We are who we say we are, but what we say is more than just words, our actions and words make up what we say. Let's take a deep dive into negative self-talk. This is the reason we verbally assault others because we don’t feel good about ourselves.
What is negative self-talk?
I asked Google the same question and here is some of what I found.
self-talk. noun. 1. the act or practice of talking to oneself, either aloud or silently and mentally: positive self-talk.
Self-talk | Define Self-talk at Dictionary.com
www.dictionary.com/browse/self-talk
4 Ways to Stop Beating Yourself Up, Once and For All | Psychology ...
Mar 18, 2016 -
Negative self-talk can seriously damage your self-esteem and impair your quality of life. Learn how to free yourself from the inner critic. Here is an excerpt from that article.
If you are like most people, you know your inner critic all too well. It is the voice in your head that judges you, doubt you, belittles you, and constantly tells you that you are not good enough. It says negative hurtful things to you—things that you would never even dream of saying to anyone else. I am such an idiot; I am a phony; I never do anything right; I will never succeed. Here are the 4 steps according to the article
1. Notice the critic. To gain control over your inner critic you have to first be aware of it. During every conscious moment, we have an inner dialogue with ourselves. Much of our thinking is so automatic and happening so rapidly that we barely notice it before we move on to the next thought.

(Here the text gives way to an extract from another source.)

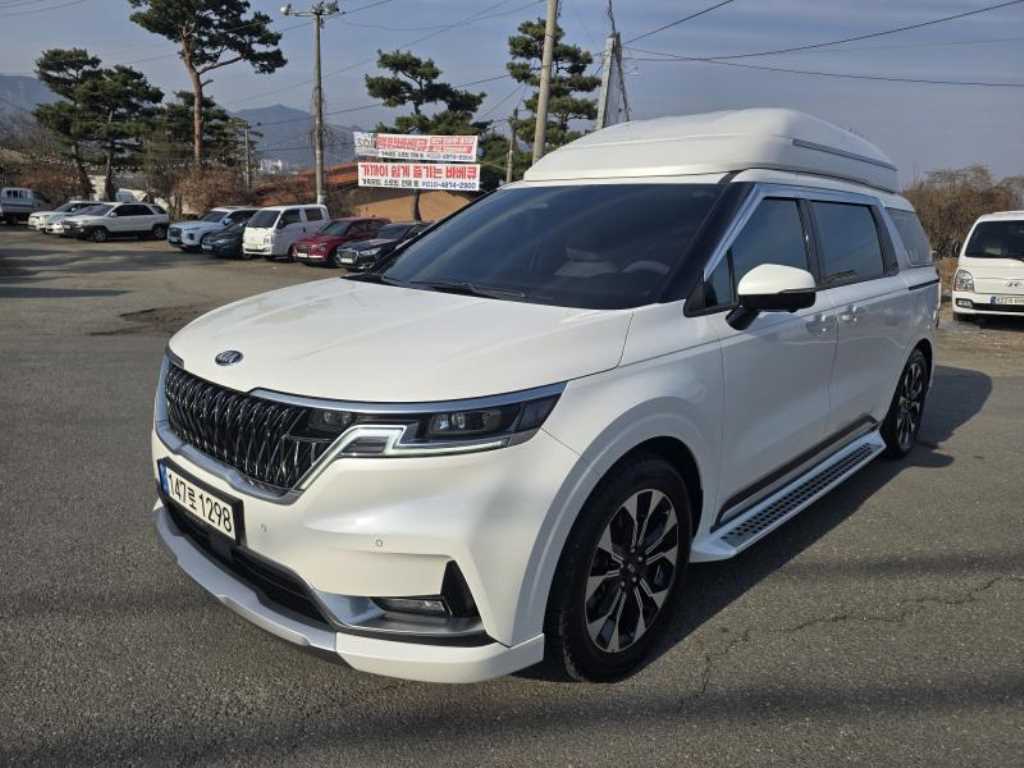 KIA Carnival 2021 - Importación desde Corea - HF Imports Iquique - Foto 1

2. Separate the critic from you. The inner critic doesn’t want you to notice it. It thrives best when you mistake it for being part of your authentic self. However, you weren’t born with an inner critic. The critic is a voice that you have internalized based on outside influences and learning, such as other people’s criticism, expectations, or standards.

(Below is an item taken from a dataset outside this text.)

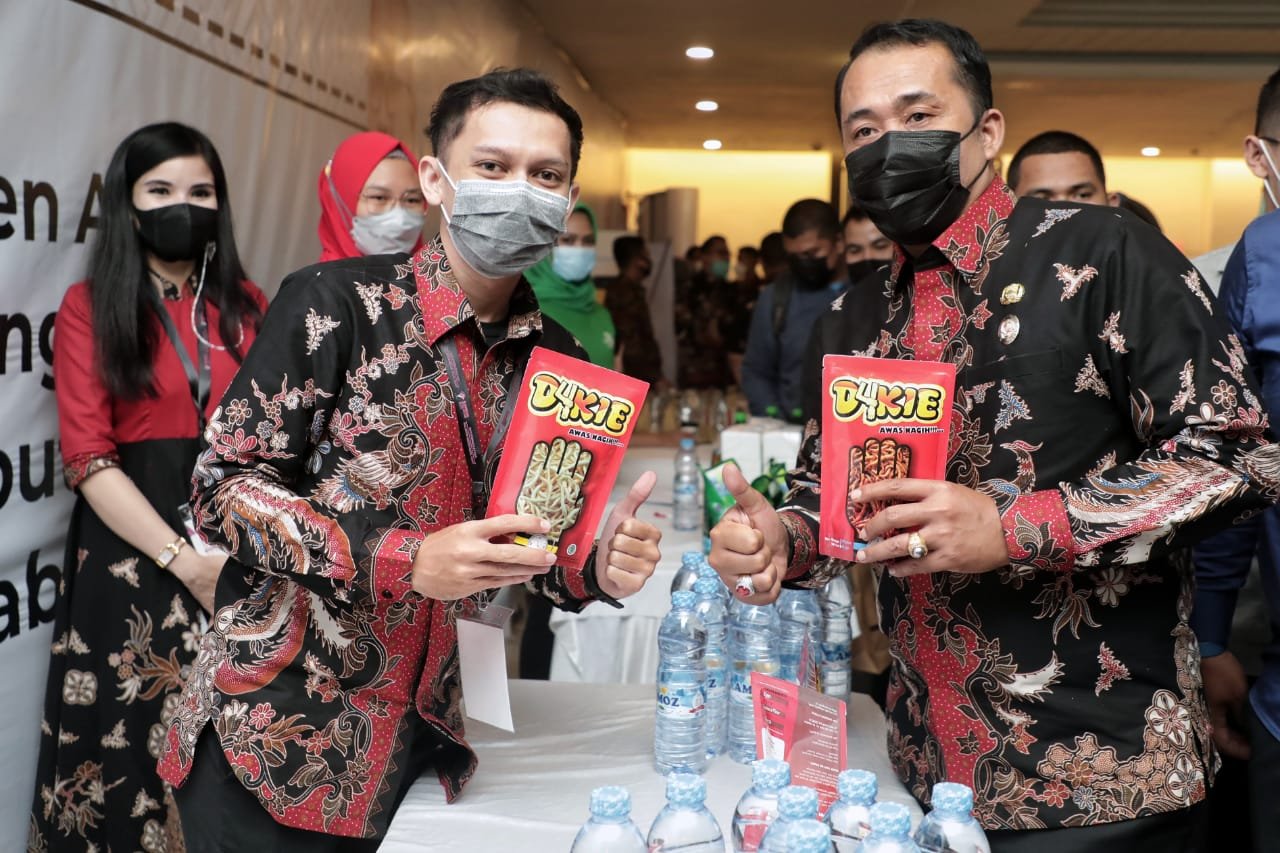 Pemko Medan Ajak HIPMI Datangkan Investor ke Kota Medan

3. Talkback. Talking back to your inner critic is an important part of taking away its power. Simply telling the critic you don’t want to hear what it has to say begins to give you a sense of choice in the matter. When you hear the inner critic start to speak, tell it to go away.
4. Replace the critic. The best way to defeat the critic is to have an even stronger ally on your side. You need to grow an inner voice that acts as your own best friend. To do this, you need to start noticing the good things about yourself.

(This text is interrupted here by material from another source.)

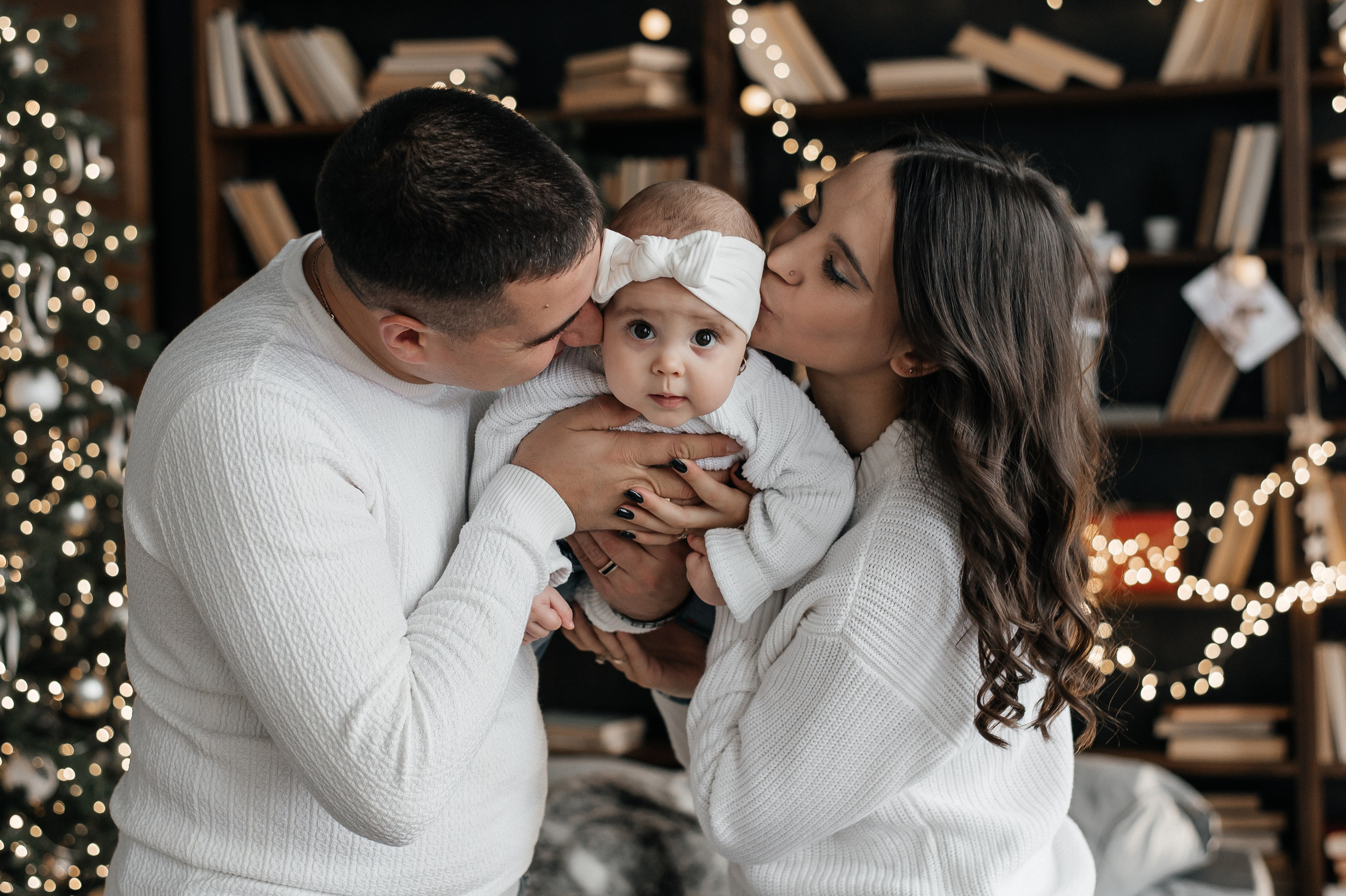 Семья. Свадебный и семейный фотограф в Красноярске Виктория Тимонина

Negative Self-Talk: 9 Ways To Silence Your Inner Critic | HuffPost
Apr 6, 2013 - Negative Self-Talk: 9 Ways To Silence Your Inner Critic. 420. By Jancee Dunn.A little self-criticism is a good thing: It can be a reality check that spurs you to be a better person.
Here are the 9 steps from the article.
- Put Negative Stuff In A Box
- Try The Power Of Possible Thinking
- Ask Yourself If You're Really So Guilty
- Put A Better Spin On Things
- Ask: What Would My Best Friend Say?
- Give Your Inner Critic A Name
- Give Your Rants A Name, Too
- Pick Up The Phone
- Embrace Your Imperfections
These same hurting folks are hurting someone else and so on and so on. The cycle will never end if we don’t recognize the cause, the issue is our tongue we can’t say what we want or what we see. We have the power to create like our Father in heaven. We imagine our worlds with our thoughts. Our thoughts come spilling out of our mouths, are the ones we think the most. Because your lips are not moving does not mean you are not saying something. You speak with your actions along with your words. We have to take hold of our words to build the life we want, that will not only make life better for ourselves but for others. Just like hurt people hurt people, healthy people help people. We have to change what we say, and be what we want and not what we have been. So say something positive today to your self and someone else. If you can't say nothing good, please for the sake of your future don't say anything at all.